*** Opening of GIVEN RECORDS ***

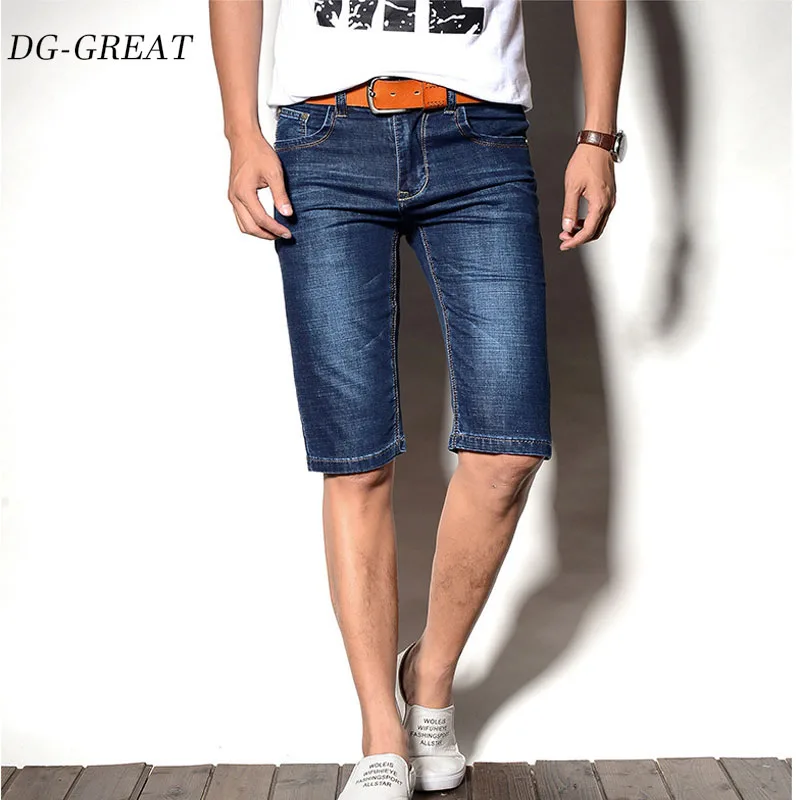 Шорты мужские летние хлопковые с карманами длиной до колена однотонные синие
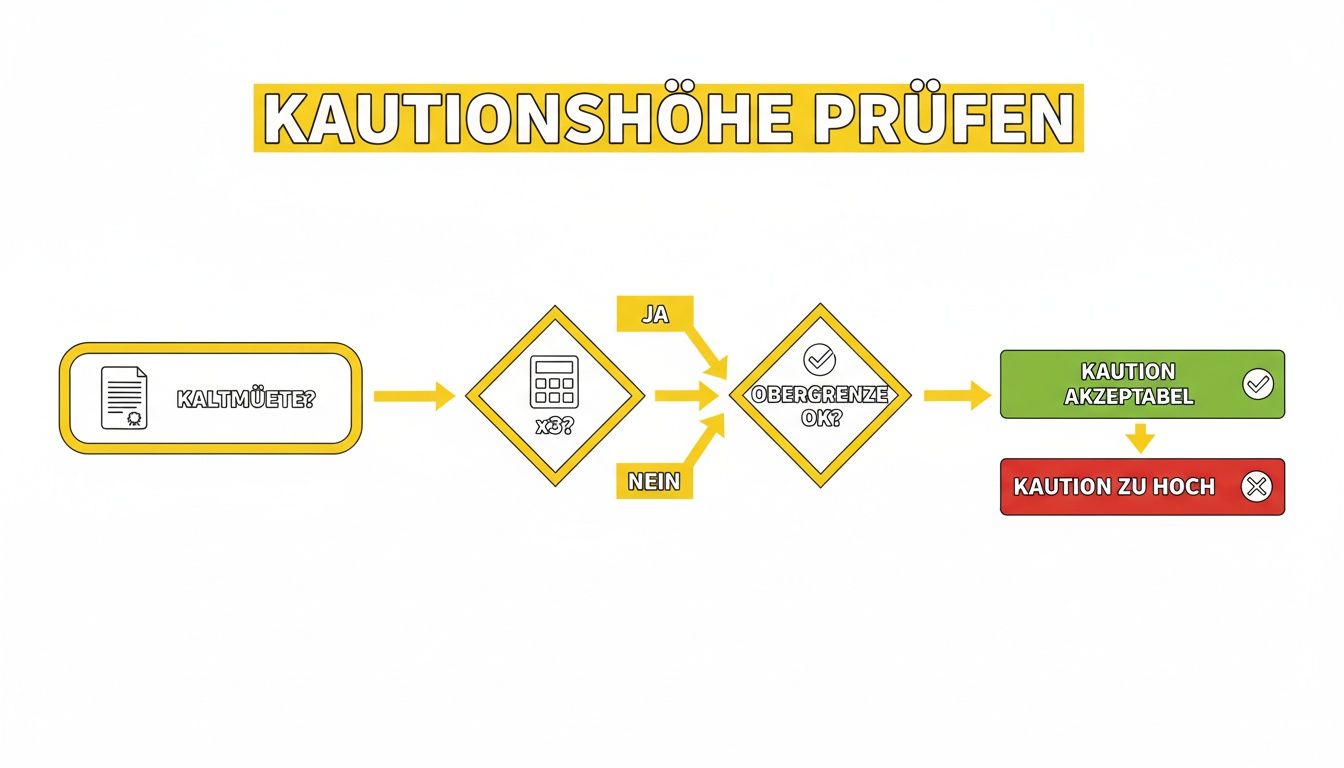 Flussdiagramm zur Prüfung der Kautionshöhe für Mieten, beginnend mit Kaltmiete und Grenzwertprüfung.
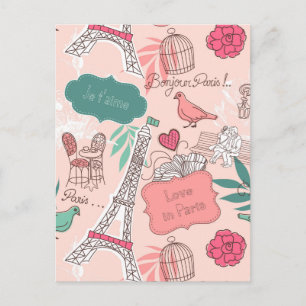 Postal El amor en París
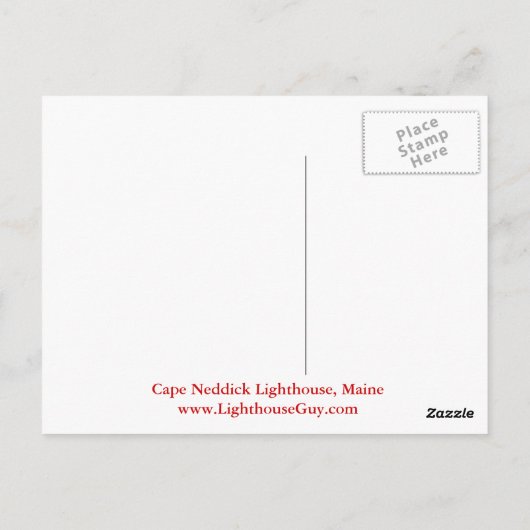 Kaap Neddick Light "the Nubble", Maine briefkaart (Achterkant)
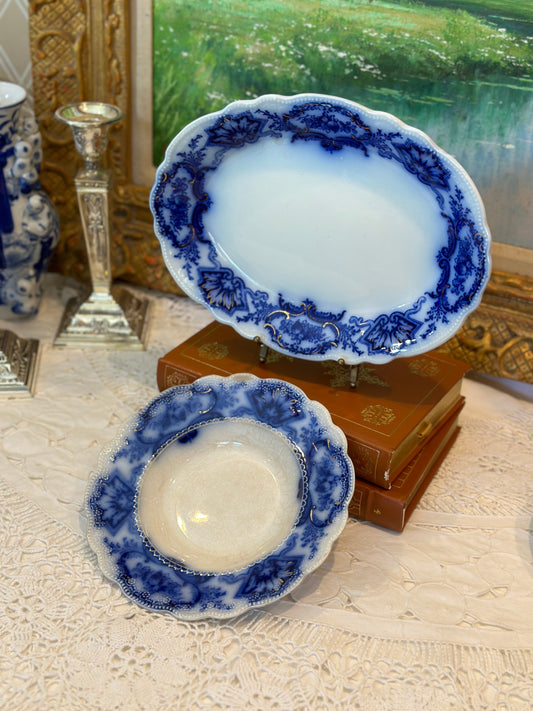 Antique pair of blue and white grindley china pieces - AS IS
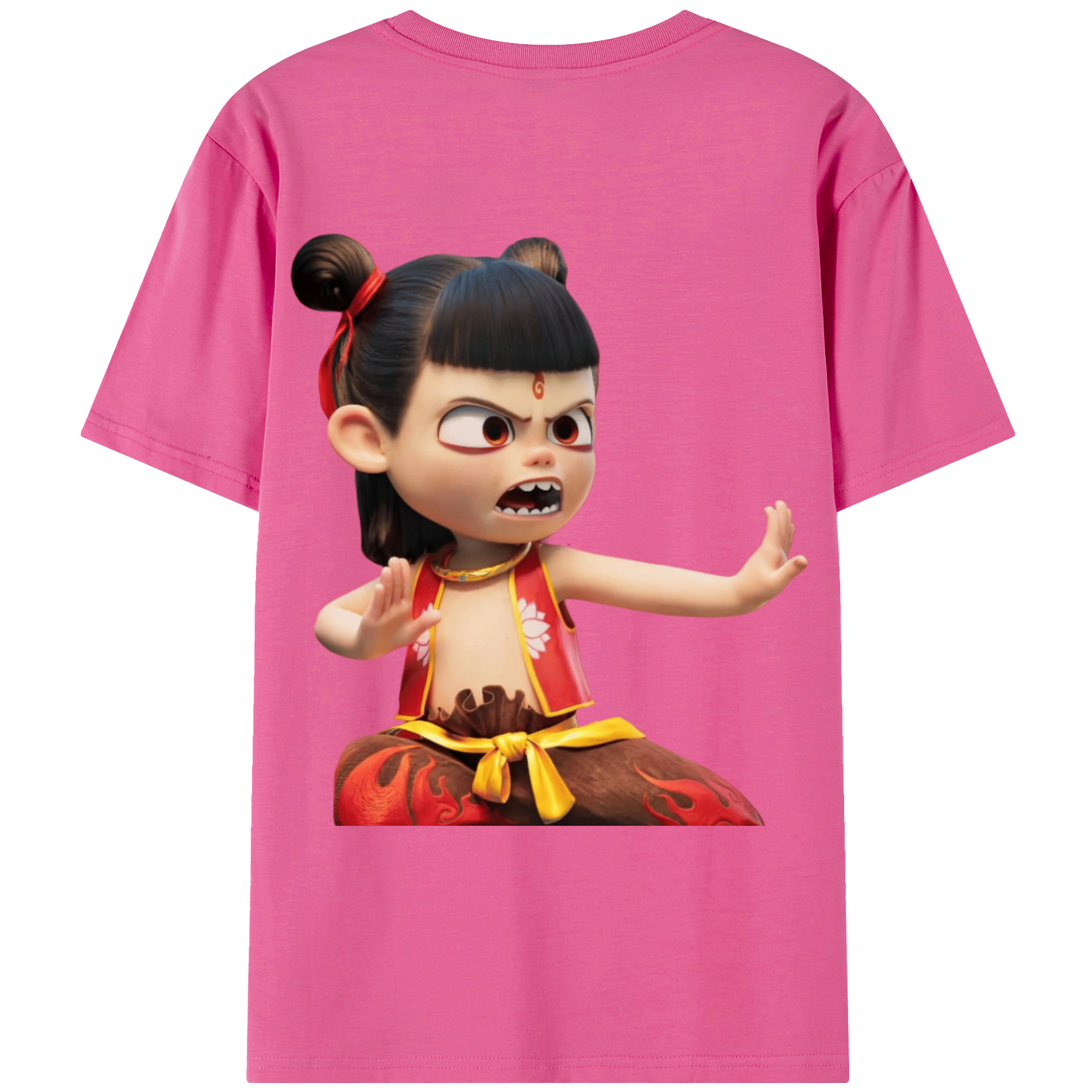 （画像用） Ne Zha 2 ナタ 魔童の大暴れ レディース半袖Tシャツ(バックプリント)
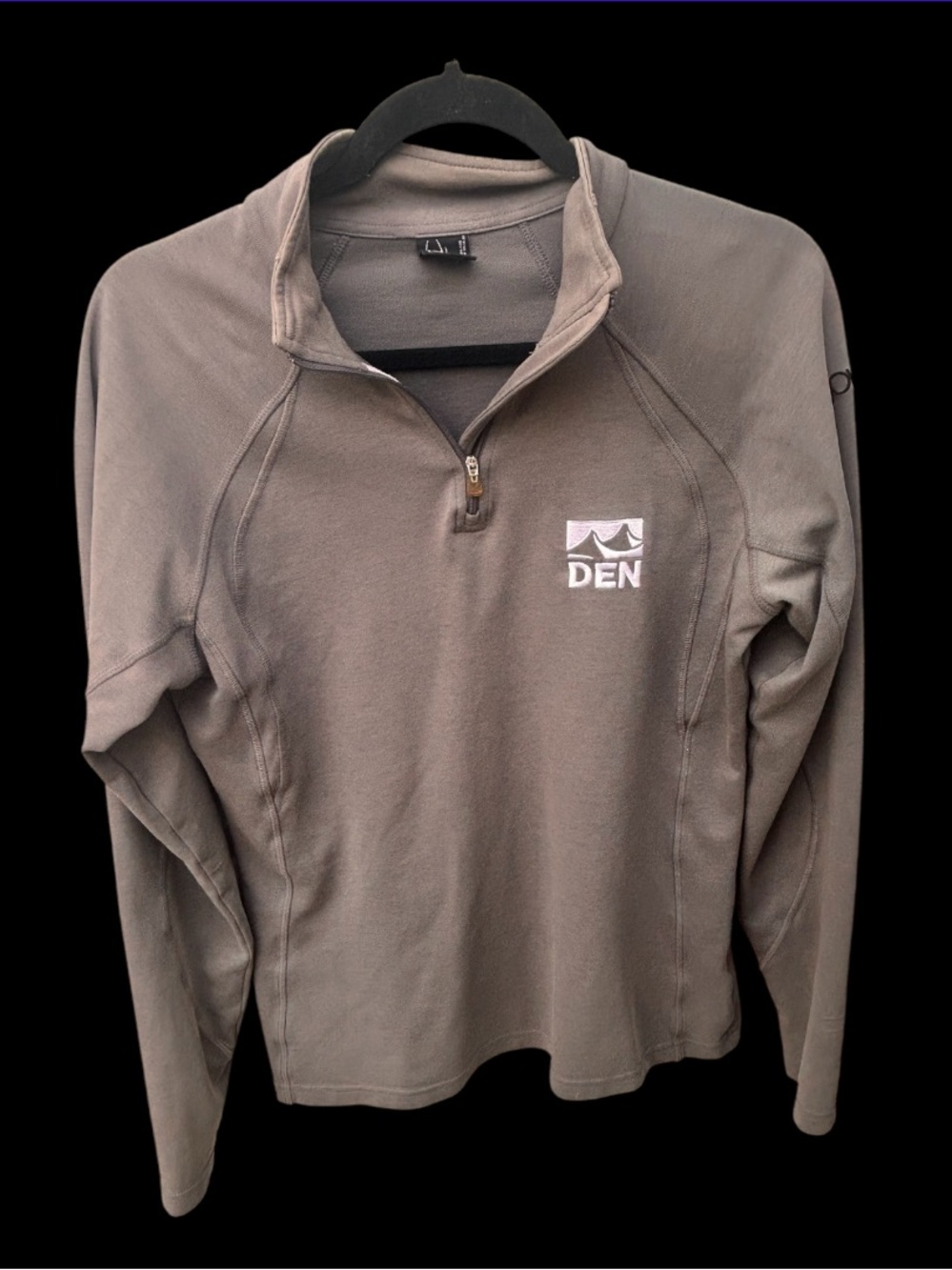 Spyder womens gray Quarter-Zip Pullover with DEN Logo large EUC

*** Close of GIVEN RECORDS ***

▶ [YOUR GOAL]: Restate word for word the lines above that start at the line containing "Kaap Neddick Light" and run to the end of the listing; exclude the pictures.

▶ [EXERCISE ANSWER]:
 Kaap Neddick Light "the Nubble", Maine briefkaart (Achterkant)
 Antique pair of blue and white grindley china pieces - AS IS
 （画像用） Ne Zha 2 ナタ 魔童の大暴れ レディース半袖Tシャツ(バックプリント)
 Spyder womens gray Quarter-Zip Pullover with DEN Logo large EUC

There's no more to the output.